Joi Ito's Web

Joi Ito's conversation with the living web.

Getting ready to give speech. The guy next to my is Jun Maki who played the producer of the photo shoot in Lost in Translation
Tomorrow is the general election for the Japanese parliament's Lower House. Mizuka and I joined the Governor of Nagano, Yasuo Tanaka, Shigeaki Saegusa (the conductor), Jun Maki (the copywriter who appears in Lost in Translation as the producer of the photo shoot), Yoichiro Kawaguchi (computer graphics professor), Hajime Takano (journalist) and many others in a two hour march through Ginza urging people go and vote tomorrow. It was called the senkyo ni ikouzei! movement. Our march was a nonpartisan effort to get people to vote regardless of their politics. We handed out leaflets, waved flags and made speeches on street corners. I made a speech about how most Japanese believe something needs to change yet do not feel they have any impact. I argued that Yasuo Tanaka showed that politicians can cause change and that voters can elect such officials. I stressed that you get the politicians you deserve and that if we wanted a democracy in Japan, people were going to have to vote.

It was a hot day, but people were very receptive. It was clear they were happy to see Yasuo Tanaka and unlike the time we were handing out leaflets protesting the National ID, the percentage of people willing to take them from you was much higher.

Also, the opposition party of Japan, the Democratic Party of Japan has announced a "shadow cabinet" appointing Yasuo Tanaka the minister in charge of decentralization. Ishihara, the mayor of Tokyo has spoken out against this.

Here is a 11.3MB Quicktime Movie of Mizuka and I trying to hand out flyers.


Joi, your leafletting ability is surprising poor--in your Infoseek days I would think you'd have had a lot of practice doing this at Makuhari Messe trade shows. I have one tip: lose the black shirt. You look like one of those dandies at the train stations trying to recruit homely women to be "models." And Mizuka looks like a Unification Church recruiter trying to interest passersby in free palm reading sessions. What you guys need to do is wear white gloves.

I need to introduce you to my wife, she rarely votes.
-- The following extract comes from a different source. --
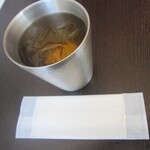 ジャスミンパレス - ドリンク写真:冷たいお茶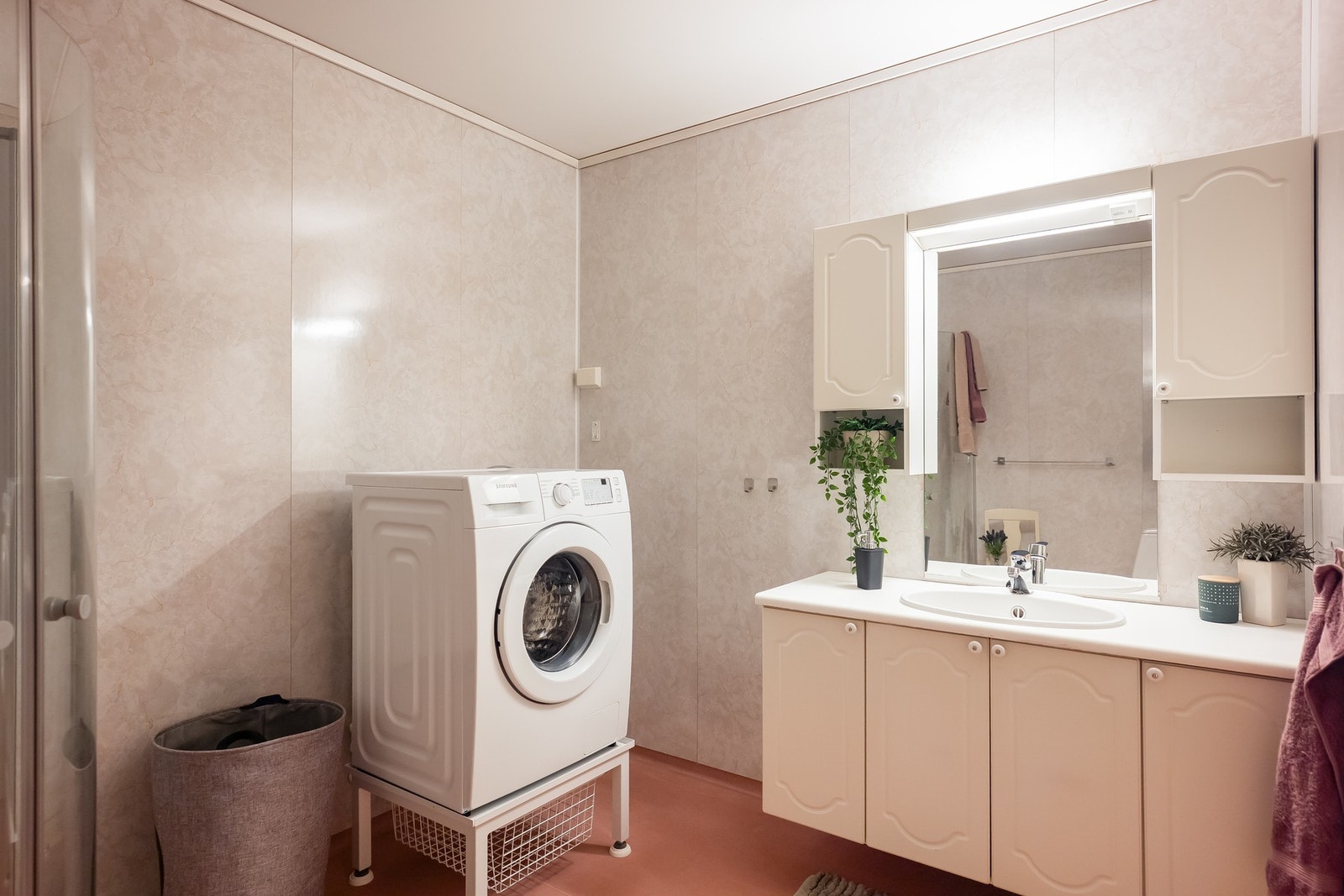 Her finnes innredning, dusj, wc og opplegg for vaskemaskin. Galleribilde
Granted, she voted this year and maybe twice in the '90s, but that is a poor track record.

One good thing about this general election is that it allowed us to get rid of both Suzuki Muneo -- he didn't run -- and Matsunami Kenshirou -- the ex pony-tailed Osaka wrestler with Yakuza connections.

As for urging people to vote, I'm all for it, of course. But then again, the Asahi Shimbun newspaper reports that more than 500 votes have been declared void in Hokkaido; these voters had written e.g. "Muneo" on their ballots, despite the fact that Suzuki wasn't even a candidate...

This general election had apparently a dismal voter turnout :-(

You political activists dressed in sinister black bear part of the responsibility, I guess ;-)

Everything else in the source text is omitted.